Working through the data below, reproduce word for word the line with "53 Bangor Road Darfield_16" and every line after it, both ends included, and omit the pictures.

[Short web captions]
* * * *
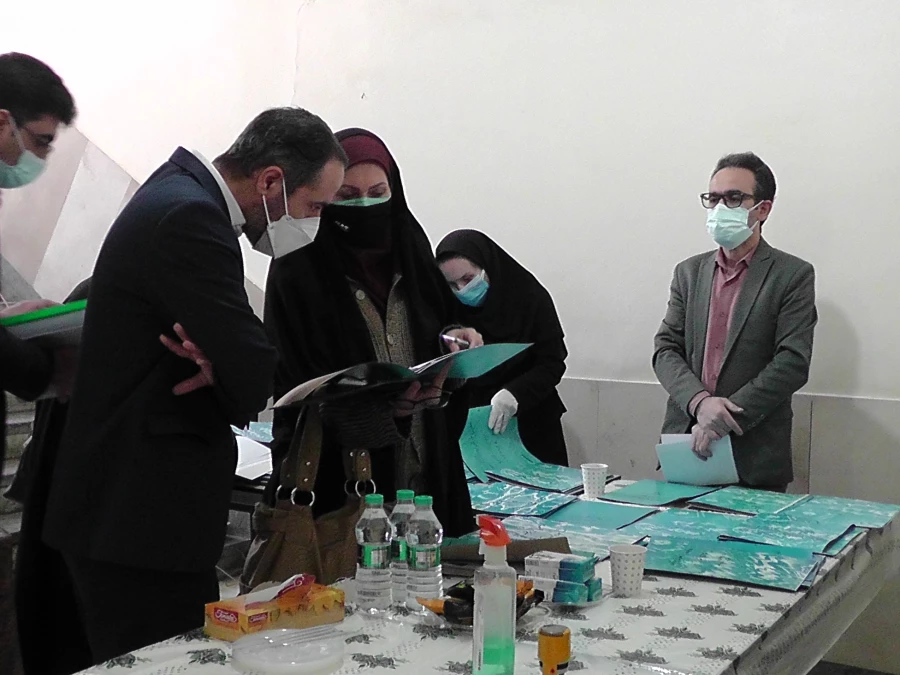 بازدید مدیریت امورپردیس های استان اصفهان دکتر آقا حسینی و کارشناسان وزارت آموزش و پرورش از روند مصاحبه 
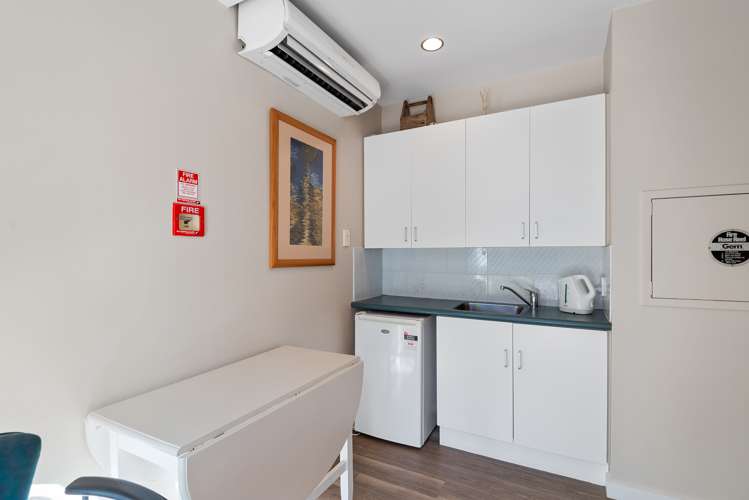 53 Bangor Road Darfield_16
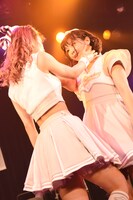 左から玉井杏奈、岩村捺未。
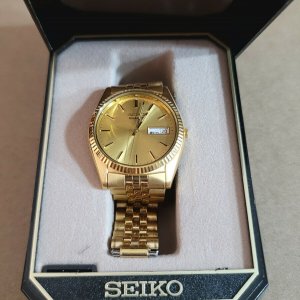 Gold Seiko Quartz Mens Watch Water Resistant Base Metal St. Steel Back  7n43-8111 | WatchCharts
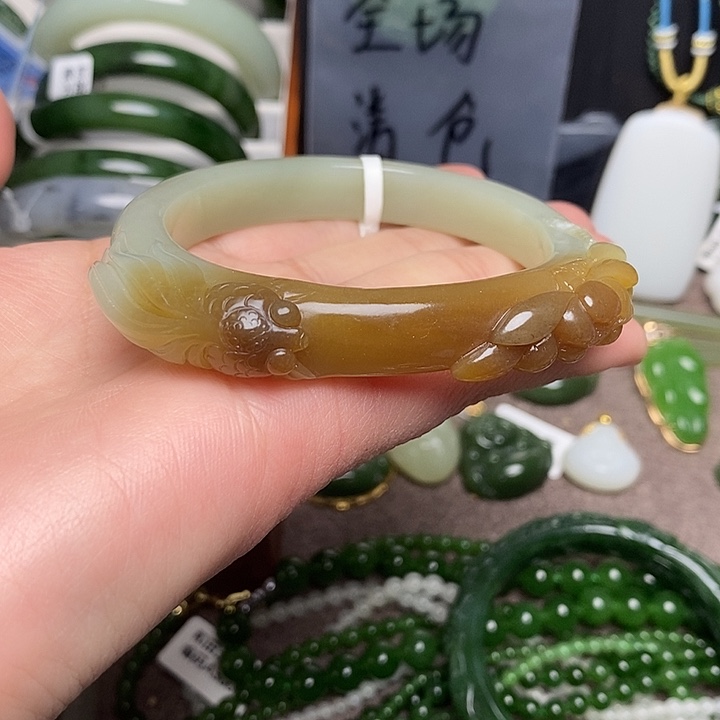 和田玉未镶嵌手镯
* * * *
- [Response to the exercise]
 53 Bangor Road Darfield_16
 左から玉井杏奈、岩村捺未。
 Gold Seiko Quartz Mens Watch Water Resistant Base Metal St. Steel Back  7n43-8111 | WatchCharts
 和田玉未镶嵌手镯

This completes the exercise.